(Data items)
▶

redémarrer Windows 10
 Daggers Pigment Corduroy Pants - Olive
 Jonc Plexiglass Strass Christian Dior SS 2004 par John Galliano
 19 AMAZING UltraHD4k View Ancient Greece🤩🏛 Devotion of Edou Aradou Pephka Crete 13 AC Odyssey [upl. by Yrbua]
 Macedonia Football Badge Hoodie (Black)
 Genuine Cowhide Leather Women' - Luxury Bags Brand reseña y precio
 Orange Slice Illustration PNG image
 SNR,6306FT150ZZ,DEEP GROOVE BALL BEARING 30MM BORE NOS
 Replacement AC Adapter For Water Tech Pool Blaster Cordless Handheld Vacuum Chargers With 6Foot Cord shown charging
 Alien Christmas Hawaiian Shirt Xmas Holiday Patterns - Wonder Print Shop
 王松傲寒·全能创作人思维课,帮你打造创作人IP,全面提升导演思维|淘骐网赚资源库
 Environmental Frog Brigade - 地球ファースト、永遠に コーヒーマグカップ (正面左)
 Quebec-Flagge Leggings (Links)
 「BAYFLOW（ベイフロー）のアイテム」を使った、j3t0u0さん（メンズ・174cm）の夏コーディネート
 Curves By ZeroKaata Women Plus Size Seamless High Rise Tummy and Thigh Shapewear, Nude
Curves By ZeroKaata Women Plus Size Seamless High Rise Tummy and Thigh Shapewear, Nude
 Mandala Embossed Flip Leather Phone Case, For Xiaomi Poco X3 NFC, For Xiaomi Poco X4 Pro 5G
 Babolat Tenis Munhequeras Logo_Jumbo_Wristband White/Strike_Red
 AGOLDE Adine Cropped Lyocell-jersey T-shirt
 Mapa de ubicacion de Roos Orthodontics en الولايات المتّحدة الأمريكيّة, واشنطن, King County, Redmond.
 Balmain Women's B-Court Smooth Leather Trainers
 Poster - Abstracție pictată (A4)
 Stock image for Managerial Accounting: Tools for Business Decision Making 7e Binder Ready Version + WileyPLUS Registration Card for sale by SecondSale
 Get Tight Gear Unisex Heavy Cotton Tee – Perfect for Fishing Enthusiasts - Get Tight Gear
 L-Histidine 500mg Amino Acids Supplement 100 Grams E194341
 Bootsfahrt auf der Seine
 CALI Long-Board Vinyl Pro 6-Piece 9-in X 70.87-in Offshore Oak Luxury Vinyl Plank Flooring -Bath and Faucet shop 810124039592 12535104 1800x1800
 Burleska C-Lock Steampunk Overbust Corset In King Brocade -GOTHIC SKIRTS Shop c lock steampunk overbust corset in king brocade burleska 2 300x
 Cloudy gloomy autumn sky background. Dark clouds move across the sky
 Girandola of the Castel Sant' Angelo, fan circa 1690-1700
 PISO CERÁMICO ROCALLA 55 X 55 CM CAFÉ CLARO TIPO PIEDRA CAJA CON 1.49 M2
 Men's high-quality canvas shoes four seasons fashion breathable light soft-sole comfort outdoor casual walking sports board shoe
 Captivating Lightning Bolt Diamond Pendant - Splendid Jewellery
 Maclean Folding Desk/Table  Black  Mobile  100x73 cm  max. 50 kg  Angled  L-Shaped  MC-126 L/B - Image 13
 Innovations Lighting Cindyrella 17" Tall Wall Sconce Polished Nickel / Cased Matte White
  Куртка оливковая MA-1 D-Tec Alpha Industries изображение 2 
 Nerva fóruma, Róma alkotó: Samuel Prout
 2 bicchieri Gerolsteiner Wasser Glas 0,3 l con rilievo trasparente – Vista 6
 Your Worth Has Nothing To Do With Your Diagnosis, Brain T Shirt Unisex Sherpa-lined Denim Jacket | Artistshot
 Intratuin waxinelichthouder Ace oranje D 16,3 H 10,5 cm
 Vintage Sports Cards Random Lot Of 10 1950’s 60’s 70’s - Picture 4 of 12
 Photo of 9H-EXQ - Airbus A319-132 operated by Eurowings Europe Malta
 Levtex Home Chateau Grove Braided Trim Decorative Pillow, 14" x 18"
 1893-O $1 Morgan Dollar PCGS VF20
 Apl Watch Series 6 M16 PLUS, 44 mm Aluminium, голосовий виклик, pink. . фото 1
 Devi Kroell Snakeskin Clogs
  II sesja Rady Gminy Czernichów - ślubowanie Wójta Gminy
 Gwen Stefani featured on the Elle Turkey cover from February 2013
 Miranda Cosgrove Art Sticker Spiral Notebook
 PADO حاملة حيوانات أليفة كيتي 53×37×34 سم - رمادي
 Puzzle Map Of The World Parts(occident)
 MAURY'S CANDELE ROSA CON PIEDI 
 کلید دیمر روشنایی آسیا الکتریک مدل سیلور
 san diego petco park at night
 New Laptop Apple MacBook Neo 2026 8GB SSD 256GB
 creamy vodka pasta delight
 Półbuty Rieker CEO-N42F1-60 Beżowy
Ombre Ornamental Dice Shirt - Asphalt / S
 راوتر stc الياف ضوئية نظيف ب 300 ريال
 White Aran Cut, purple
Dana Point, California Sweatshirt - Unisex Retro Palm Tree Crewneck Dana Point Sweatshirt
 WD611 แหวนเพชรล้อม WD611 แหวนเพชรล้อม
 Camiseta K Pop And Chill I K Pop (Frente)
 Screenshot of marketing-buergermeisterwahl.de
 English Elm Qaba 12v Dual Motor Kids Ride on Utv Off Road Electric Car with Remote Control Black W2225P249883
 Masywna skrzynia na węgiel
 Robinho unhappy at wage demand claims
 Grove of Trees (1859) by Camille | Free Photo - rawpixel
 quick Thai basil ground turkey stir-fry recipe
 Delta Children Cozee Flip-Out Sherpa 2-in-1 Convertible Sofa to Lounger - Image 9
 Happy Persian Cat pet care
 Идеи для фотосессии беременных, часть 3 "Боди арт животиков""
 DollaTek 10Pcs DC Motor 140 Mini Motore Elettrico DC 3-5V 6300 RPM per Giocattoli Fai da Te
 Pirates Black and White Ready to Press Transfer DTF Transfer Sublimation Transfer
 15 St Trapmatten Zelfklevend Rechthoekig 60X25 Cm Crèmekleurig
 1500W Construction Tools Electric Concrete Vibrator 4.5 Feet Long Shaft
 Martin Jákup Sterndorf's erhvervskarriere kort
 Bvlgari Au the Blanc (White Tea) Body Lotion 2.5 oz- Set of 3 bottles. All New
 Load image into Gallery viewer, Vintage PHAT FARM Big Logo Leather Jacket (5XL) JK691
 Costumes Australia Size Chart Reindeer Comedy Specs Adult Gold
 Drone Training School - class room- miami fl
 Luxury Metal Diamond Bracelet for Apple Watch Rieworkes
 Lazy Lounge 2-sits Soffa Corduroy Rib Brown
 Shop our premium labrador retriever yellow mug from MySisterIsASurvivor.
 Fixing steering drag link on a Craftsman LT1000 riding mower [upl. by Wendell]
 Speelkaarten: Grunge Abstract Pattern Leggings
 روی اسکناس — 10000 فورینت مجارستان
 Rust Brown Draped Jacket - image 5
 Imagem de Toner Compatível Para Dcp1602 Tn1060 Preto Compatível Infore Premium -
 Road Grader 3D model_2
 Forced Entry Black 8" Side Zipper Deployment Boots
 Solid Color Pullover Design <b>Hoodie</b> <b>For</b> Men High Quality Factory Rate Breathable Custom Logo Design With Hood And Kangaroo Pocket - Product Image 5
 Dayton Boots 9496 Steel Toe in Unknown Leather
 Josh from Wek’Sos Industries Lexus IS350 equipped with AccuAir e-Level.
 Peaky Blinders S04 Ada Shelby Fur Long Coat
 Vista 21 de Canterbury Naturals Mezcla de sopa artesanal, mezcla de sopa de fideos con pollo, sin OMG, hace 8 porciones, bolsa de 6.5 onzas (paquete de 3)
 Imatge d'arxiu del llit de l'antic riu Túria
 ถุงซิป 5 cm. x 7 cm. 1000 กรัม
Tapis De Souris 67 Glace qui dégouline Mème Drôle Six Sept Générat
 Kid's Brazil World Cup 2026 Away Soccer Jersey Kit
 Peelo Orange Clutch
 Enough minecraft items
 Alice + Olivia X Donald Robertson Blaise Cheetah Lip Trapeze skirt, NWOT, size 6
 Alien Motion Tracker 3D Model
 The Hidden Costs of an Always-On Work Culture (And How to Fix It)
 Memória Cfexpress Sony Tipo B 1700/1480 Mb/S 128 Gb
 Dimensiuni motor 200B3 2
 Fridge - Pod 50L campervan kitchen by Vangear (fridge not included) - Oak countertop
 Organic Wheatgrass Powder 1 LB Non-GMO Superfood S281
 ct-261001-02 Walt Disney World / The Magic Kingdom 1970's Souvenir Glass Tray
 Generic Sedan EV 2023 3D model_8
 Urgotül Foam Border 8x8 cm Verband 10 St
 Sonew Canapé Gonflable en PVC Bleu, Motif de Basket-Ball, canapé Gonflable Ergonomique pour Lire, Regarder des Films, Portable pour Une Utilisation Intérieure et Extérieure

◀

◆ EXERCISE REQUIREMENTS
Extract from the records above the lines from the one containing "WD611 แหวนเพชรล้อม WD611 แหวนเพชรล้อม" to the one containing "Load image into", both lines included, exactly as they appear and with nothing else.

◆ TASK OUTPUT
 WD611 แหวนเพชรล้อม WD611 แหวนเพชรล้อม
 Camiseta K Pop And Chill I K Pop (Frente)
 Screenshot of marketing-buergermeisterwahl.de
 English Elm Qaba 12v Dual Motor Kids Ride on Utv Off Road Electric Car with Remote Control Black W2225P249883
 Masywna skrzynia na węgiel
 Robinho unhappy at wage demand claims
 Grove of Trees (1859) by Camille | Free Photo - rawpixel
 quick Thai basil ground turkey stir-fry recipe
 Delta Children Cozee Flip-Out Sherpa 2-in-1 Convertible Sofa to Lounger - Image 9
 Happy Persian Cat pet care
 Идеи для фотосессии беременных, часть 3 "Боди арт животиков""
 DollaTek 10Pcs DC Motor 140 Mini Motore Elettrico DC 3-5V 6300 RPM per Giocattoli Fai da Te
 Pirates Black and White Ready to Press Transfer DTF Transfer Sublimation Transfer
 15 St Trapmatten Zelfklevend Rechthoekig 60X25 Cm Crèmekleurig
 1500W Construction Tools Electric Concrete Vibrator 4.5 Feet Long Shaft
 Martin Jákup Sterndorf's erhvervskarriere kort
 Bvlgari Au the Blanc (White Tea) Body Lotion 2.5 oz- Set of 3 bottles. All New
 Load image into Gallery viewer, Vintage PHAT FARM Big Logo Leather Jacket (5XL) JK691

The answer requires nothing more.